Future expansions should focus on the methods through which posed expressions are produced in real-world interactions, comparing successful and unsuccessful performances. For example, convicts with psychopathic traits (e.g., flat affect) are better at deceiving others about being remorseful (Porter et al. 2009), supporting our assertion that knowledge of an emotional display is more important than the affect corresponding to said emotion. The present superiority of the external condition expressions supports this view.

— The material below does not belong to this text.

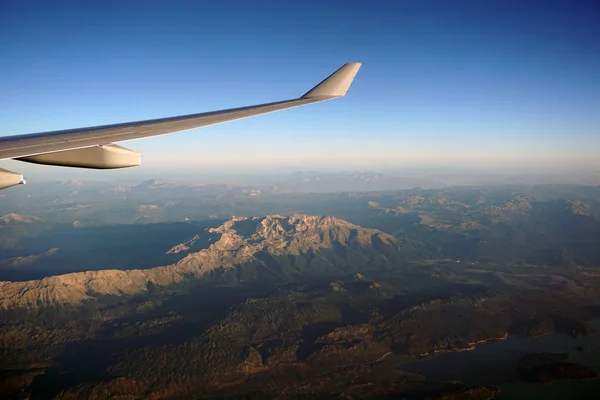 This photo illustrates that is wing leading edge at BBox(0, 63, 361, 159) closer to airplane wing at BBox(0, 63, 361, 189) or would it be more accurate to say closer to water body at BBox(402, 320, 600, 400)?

Close consideration must also be given to the emotion being investigated. Decoders show variability in recognizing different emotions (e.g., surprise being highly recognizable; Gosselin et al. 1995), while senders show differences in their ability to voluntarily produce different emotional expressions (Gosselin et al. 2010).

Here, we focused on exploring the human perception of posed and spontaneous expressions. It falls to future research to analyze how such dynamic expressions differ (i.e., behaviorally) and which objective markers of affective authenticity, if any, separate genuine from non-genuine emotional displays. A machine-learning approach may reveal quantifiable and diagnostic differences between expressions under different elicitation conditions (even if such differences are not perceivable by humans). Subsequently, a lens model (Brunswik 1956; Scherer and Bänziger 2010) may be used, exploring how subjective judgment and objective markers combine in emotion recognition.

Conclusion

The approach described presently illustrates the importance of being explicit with the operationalization of emotional stimuli in studies of affective authenticity discrimination. The method used to produce posed expressions affected decoders’ ability to distinguish them from spontaneous surprise, resulting in differences in perceived intensity, genuineness, confidence, and accuracy. For successful “deceptive” expressions, having information on the physiognomic features of a spontaneous display (i.e., external expression) was more important than the affective experience (i.e., internal sensation). By these criteria, the Mimic method appears to be superior to Stanislavski for our senders. Our findings demonstrate the importance of the specific technique used to elicit emotional displays, and the need to treat authenticity discrimination separately from classification accuracy. These considerations may reduce inconsistencies regarding posed expressions and authenticity, whilst further improving the methodological rigor in the field of emotion recognition.